Historically, IT teams have ensured the availability and performance of an organization’s workloads by minimizing change and avoiding disruption. The goal hasn’t changed, though it is time for certain strategies to change with the modern demands of digital business. Now is the time for digital operations teams to take advantage of established and emerging technology trends that will continue to drive product momentum, deliver compelling customer experiences, and ensure your business’ long-term survival.  So, how can you bring your IT infrastructure up to date in 2020 without missing a beat? It’s all about embracing the shifting landscape and focusing on the following key areas to scale up innovation and stay ahead of digital disruption:

  1. Embrace DevOps – The DevOps movement has ignited, calling for a new model of collaboration, trust, and accountability between your Development and Operations teams.  This trend has already seen broad mainstream adoption, as it is key to minimizing friction and enabling business agility.
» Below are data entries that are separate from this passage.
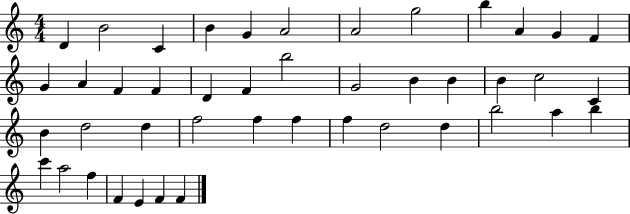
X:1
T:Untitled
M:4/4
L:1/4
K:C
D B2 C B G A2 A2 g2 b A G F G A F F D F b2 G2 B B B c2 C B d2 d f2 f f f d2 d b2 a b c' a2 f F E F F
It’s a practice that can essentially slash operational inefficiencies while helping IT operations stay relevant in this changing landscape.  In order to keep pace, IT operations will need to combine their traditional focus on reliability, flexibility, security, and efficiency with greater emphasis on release velocity, continuous development, and the customer experience. By embracing these innovations, IT operations can support digital transformation initiatives and ensure that the new speed of DevOps doesn’t put your business at risk.
  2. Invest in Skills Development – With the changing landscape, IT decision makers are actually facing a looming skills crisis.  They’re finding it more and more difficult to hire DevOps professionals, cloud native developers, and multi-cloud operators.  Because of recent disruptive technology trends, IT operations teams have to constantly upgrade their skills in order to remain relevant or even just to maintain pace with the evolution of digitization.  This means that CIOs and team leaders should be heavily invested in skills development programs that will both attract and retain employees. Continued learning is the only way to counteract the skills gap in such a competitive market.
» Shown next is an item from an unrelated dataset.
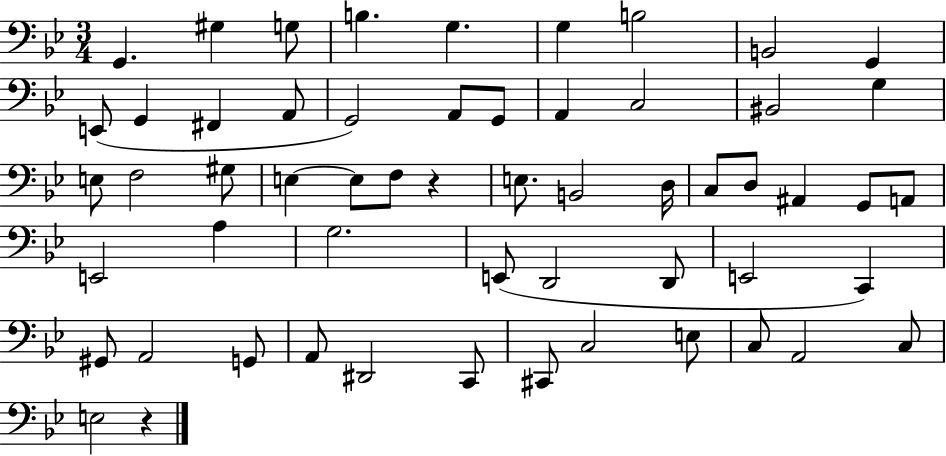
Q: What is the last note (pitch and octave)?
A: E3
  3. Organize Multi-Cloud Management – Most IT leaders use several different cloud providers as part of their enterprise cloud strategy. But, management of these different services across different platforms is no easy task.  Your best execution strategy should involve picking the right cloud environment for a specific type of business workload. This will help your IT team optimize for both cost and performance.  It’s all about understanding how to make the right trade-offs between cost, performance, and resilience for cloud services. So, you might consider experimenting with both open source and commercial monitoring tools.  This will help multi-cloud operations better understand how each can drive real-time visibility and ensure faster incident response.
  4. Explore AIOps Initiatives – In 2020, incident management workflow will embrace the power of machine learning and data science, moving away from segregated, reactive strategies.  It’s all about proactive and preventive incident management.  Modern AIOps (artificial intelligence for IT operations) solutions can significantly reduce the human time spent on incident detection, first response, alert prioritization, and root cause analysis. Now is the time to explore these initiatives, and understand how machine learning-powered event management can change the way your business operates.
  5. Watch Evolving Data Centers – More and more, corporate data centers are taking on attributes of public cloud infrastructure with on-demand consumption and pay-per-use pricing models.  Three trends that are a clear indication of data center evolution in the cloud era include the rise of Hybrid Cloud Models, Consumption-Based Infrastructure Models, and Write Once, Run Anywhere with Orchestration Engines.  Data centers are primed for disruption, so IT teams should outsource the heavy lifting involved in designing, deploying, monitoring, and maintaining mission-critical infrastructure. 

The evolution of the IT landscape will be constant, so in order for organizations to stay current and competitive, they’ll need to increase dynamic, innovative thinking in their quest to meet modern business demands.